SOMA docs
Ops

Runbook

Daily commands, common diagnostic steps, secret rotation.

Daily

CommandWhat
doppler run -- pnpm devFull local stack (Next dev + bot polling on demand)
pnpm typecheckAll 10 workspaces, ~5s warm
pnpm testVitest across core/db/tools/ui/web/bot
pnpm lintESLint across all 9 packages with lint scripts
pnpm format:checkPrettier check
doppler open --project soma --config prodOpens Doppler UI
vercel logs soma-ai.cc --followTail prod logs
vercel --prod --yesDeploy web

Bot dev loop

# Terminal 1: web (Inngest handler + Telegram webhook)
doppler run -- pnpm --filter @soma/web dev

# Terminal 2: bot polling (no public URL needed)
doppler run -- pnpm --filter @soma/bot dev

When running both, the polling bot takes messages and you can test agent flows without Telegram webhook setup.

Checking the agent is alive

curl -s https://soma-ai.cc/api/health
# {"ok":true,"service":"web","db":true,"ts":"..."}

curl -s https://soma-ai.cc/api/inngest \
  | python3 -c "import json,sys;d=json.load(sys.stdin);print({k:d[k] for k in ['mode','function_count']})"
# {'mode': 'cloud', 'function_count': 8}

Rotating a secret

  1. Update in Doppler: doppler secrets set KEY='...' --project soma --config prod
  2. Push to Vercel: printf '%s' "$NEW" | vercel env add KEY production --force
  3. Redeploy: vercel --prod --yes

For Telegram webhook secret specifically, also re-run setWebhook with the new secret.

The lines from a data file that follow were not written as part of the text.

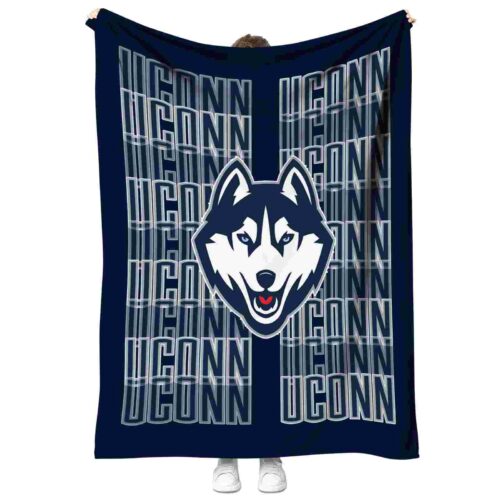 uconn huskies fan pride blue blanket best selling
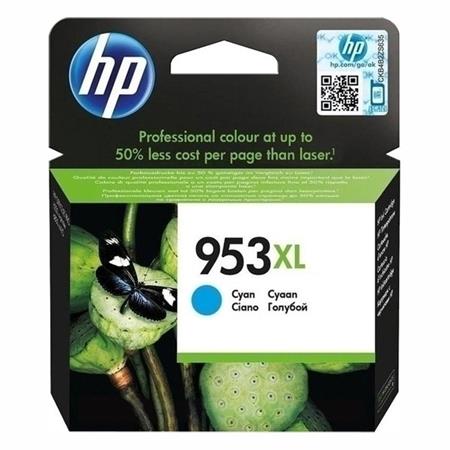 Product image for HP 953XL Cyan Original High Capacity Ink Cartridge - Small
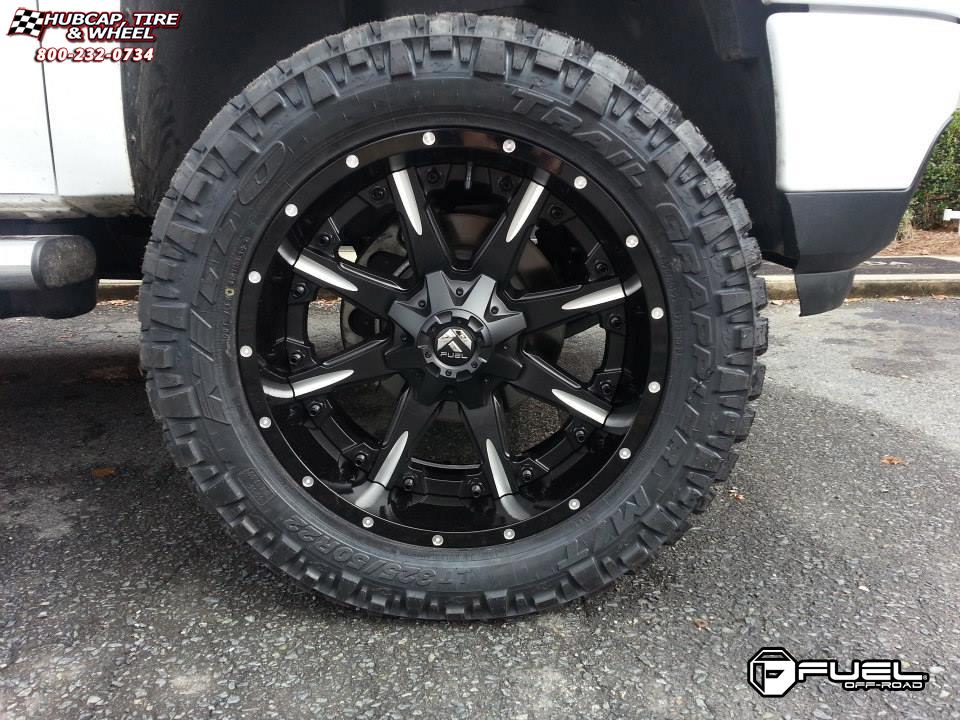 vehicle gallery/gmc sierra fuel nutz d251 0X0  Matte Black & Milled wheels and rims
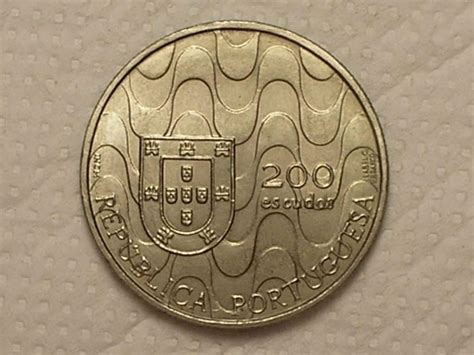 Portugal 200 Escudos 1992 Pres da comunidade Européia Ni Flor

For OAuth encryption key rotation: more complex. Existing encrypted tokens in oauth_connections are keyed by the current value. Rotating means either re-encrypting all rows with a background job or forcing users to reconnect. No shortcut.

Diagnosing a slow chat response

  1. Open Langfuse. Filter tags: chat. Find the trace for the slow request.
  2. Check the Claude span — if time_to_first_token is >3s, Anthropic latency is the cause.
  3. If tool calls dominate, look at memory_recall — is it hitting HNSW or doing a seq scan? EXPLAIN ANALYZE the query.
  4. If both LLM and tools look fine, check Vercel function logs for cold-start + GC pauses.

Diagnosing "agent stream onError"

The chat route logs every stream-level error via log.error({ err, userId }, 'agent stream onError'). Check Axiom or Vercel logs for the api/chat surface. Common causes:

  • Claude 400 "invalid tool name" — a tool id has a . (dot). Anthropic pattern is ^[a-zA-Z0-9_-]{1,128}$. See Tool registry.
  • Mastra worker crashthe worker thread exited. Pino transport or PgVector trying to init in Next runtime. See Observability.
  • Postgres connection refused — Supabase direct hostname is IPv6-only on Pro without add-on. Use the session pooler.

Incident response

  1. Site down? Vercel dashboard → Deployments → Promote the previous build (or vercel rollback).
  2. Telegram bot silent? getWebhookInfo to check for last_error_message. If Telegram can't reach the webhook, check Vercel deployment and DNS.
  3. Workflows not firing? Inngest dashboard → Apps → verify soma-ai.cc/api/inngest is healthy. Re-sync if needed.
  4. DB errors? Supabase Dashboard → Reports → check connection count and slow queries.